1st day of work: You did not meet me as I left early for work. Called from work greeted you and explained I am phone free but incase of an emergency can also call my spouse. Gave number. At end of day, once phone back in possession, paid £80 to balance the earlier £10 per day. You found it better to text my husband asking him to tell his spouse about the agreed rate. He sent me the message. When I called, you brushed it aside as you forgot I had transferred £10 earlier. Then I asked why you did not just tell me than texting another. I gave you his number to call if emergency.

Day 2:
Explained we have board games as I informed you when we first met, when you were focused on gawking over decor in house and how the children should feel privileged and how lucky they were ( was never sure why that was relevant..Only recently did the kids tell me it was a daily occurrence!! As if size of one's house is proportionate to joy..it is not!!!)

You may not be familiar with coeliac but I explained on first meeting and informed you I will always do their lunches myself, they had stuff to do just needed an adult to be with them, told you we had board games.You could have told me then you were going to bring yours into home.

Wheat sensitivity is real. So when I was told you brought in a game and child with alergy was playing, I panicked. I explained you did not have to bring in games. I then advised wiping them with alcohol wipes to be safe cos with Coeliac, the most important thing is cross- contamination. My voice was normal, just feedback. You really should be open to take feedback particularly when health is concerned. How you hear/listen matters.
But I paid you once I got out of work that day as reflex. Spouse paid you also. You texted him abt double payment. He then let me know.

Day 3: Was in the car driving out when you were walking in, we waved at each other as spouse at home, did not need to get out of car as was running late. Which other greeting did you want or need ???
Came back home and was wondering why home in disarray and then kitchen tops. You have never left my home 'tidier' as you meet it tidied up and freshbto go for the kids each morning. By default I wipe down whole counter and tables at night before food prep and I noted stains that were not off the lunches I packed for kids daily; older child apologised and said she tried to clean as best as she could but was from your lunch..not sure what you had but seemed to leak. Did that contain egg, wheat ?etc . But I wiped down and messaged you about need to tidy or help kids do so from 5PM and need to clean off your meal. I did not think I needed to tell you that. You brushed it off with 'Apologies if not up to standard"..another response which seemed odd.
Day 4..last day: Greeted you, gave some antihistamines to younger one as from night before, eyes were a bit off..that's how fast she reacts and left for work as no rash and other signs. Came back to sad kids apologising cause they had no response when you mentioned to them about the tidiness ending with "your mother was quite rude''... they said they just got on with what they were doing. That statement is what you refer to us as asking kids...
It is sad you feel telling children that mum is rude tantamounts to positive environment???

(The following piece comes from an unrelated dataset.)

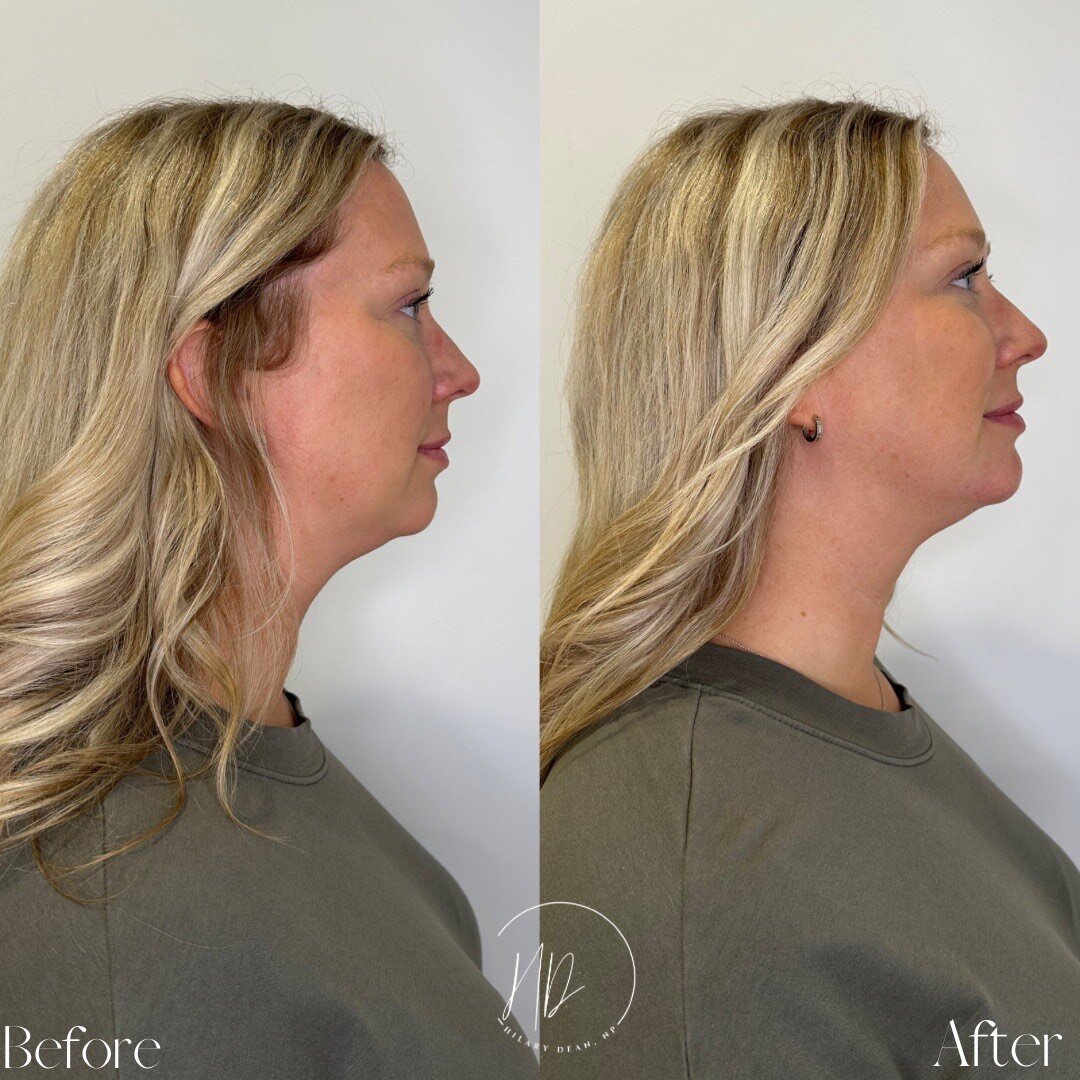 canova-aesthetics-med-spa-before-after-injectables-1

The children you described as lovely and smart, are a product of a loving environment with different babysitters who have remained friends and have become family over the years. That was why when you cancelled one of days, I told you sorted. One of my regulars just snatched that day up with joy.

Why would you 'almost everyday reiterate to kids how priviledged they were..the size of a house does not make a child'...is there some inner wounds there?

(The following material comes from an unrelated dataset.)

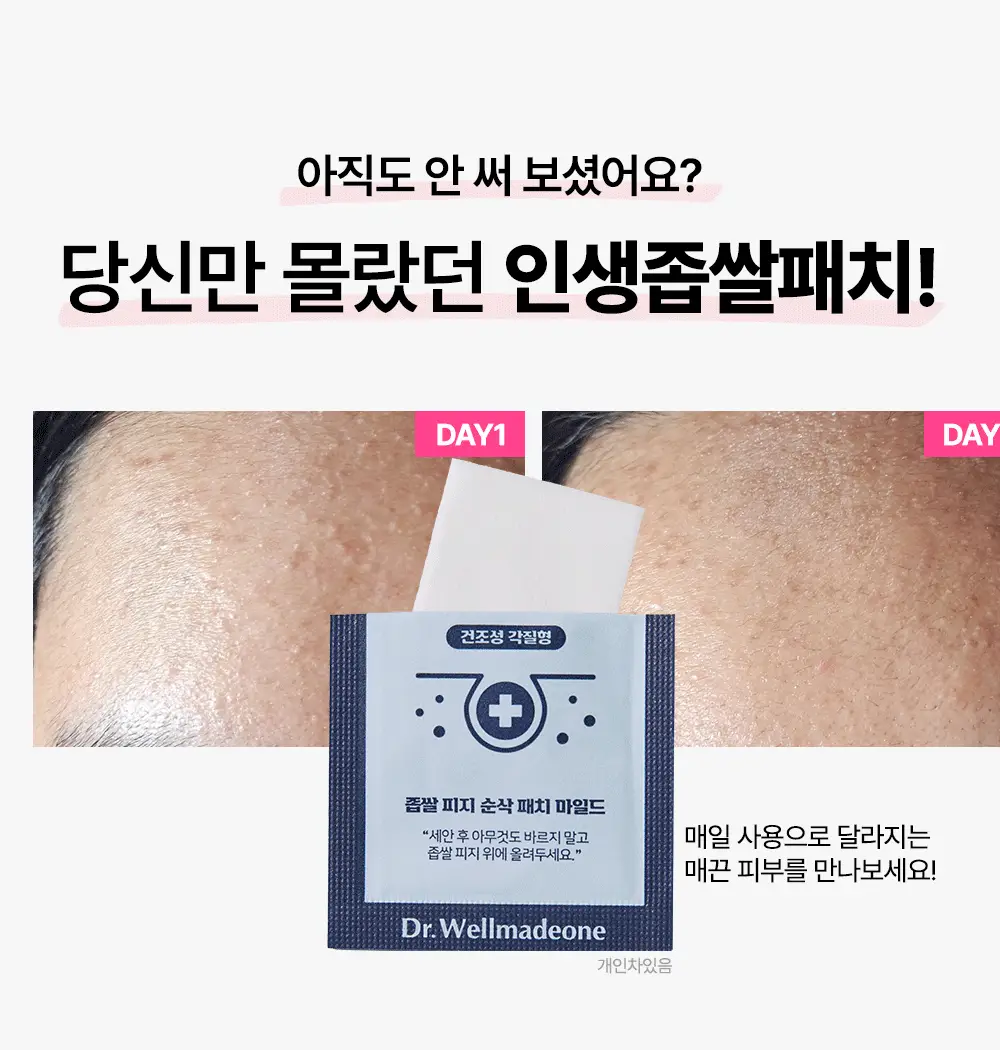 닥터웰메이드원 좁쌀피지 순삭패치 멀티팩 30매 상세페이지 3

You lied blatantly in your reply making me wonder how safe children are emotionally with you?
My children were stunned and as you have noted how well behaved they are( definitely not raised by you)..had no comeback phrases for you than flagging it up once I set foot at home.

To guard your income and 5-star review so tediously with lies is frankly disappointing because I am still not certain you even understand the health risk posed by bringing things touched by different people into another's home with an at risk child? As you described it as 'simple' board game.

And you warn people not to work with me..well, I have my babysitters most from childcare.co.uk who were just not available and they are most appalled at what you wrote, so thanks for highlighting your desperation.

I have no regrets highlighting these facts cause you are not the parent that will be sitting in A&E.

So I wonder, will you learn from feedback or go back defending the indefensible.
I gave you an objective 3 stars...were you expecting different???

  • 3 stars Overall
  • 3 stars Setting
  • 2 stars Cleanliness
  • 3 stars Communication

by Avatar for Lucia Lucia about Avatar for Emma Emma on 25/04/2025


Response by Avatar for Emma Emma on 25/04/2025:

I’m really saddened to read this review, especially after the effort I put in to support this family and care for the children. From day one, I felt like I was walking on eggshells. I was never greeted when I arrived for my shifts, only by her husband and children who were friendly towards me. No matter how much I tried, it felt like nothing I did was good enough for the mother. I was often met with criticism—sometimes through messages, sometimes with unexpected calls at unsociable hours—all of which made the experience really tough on my end.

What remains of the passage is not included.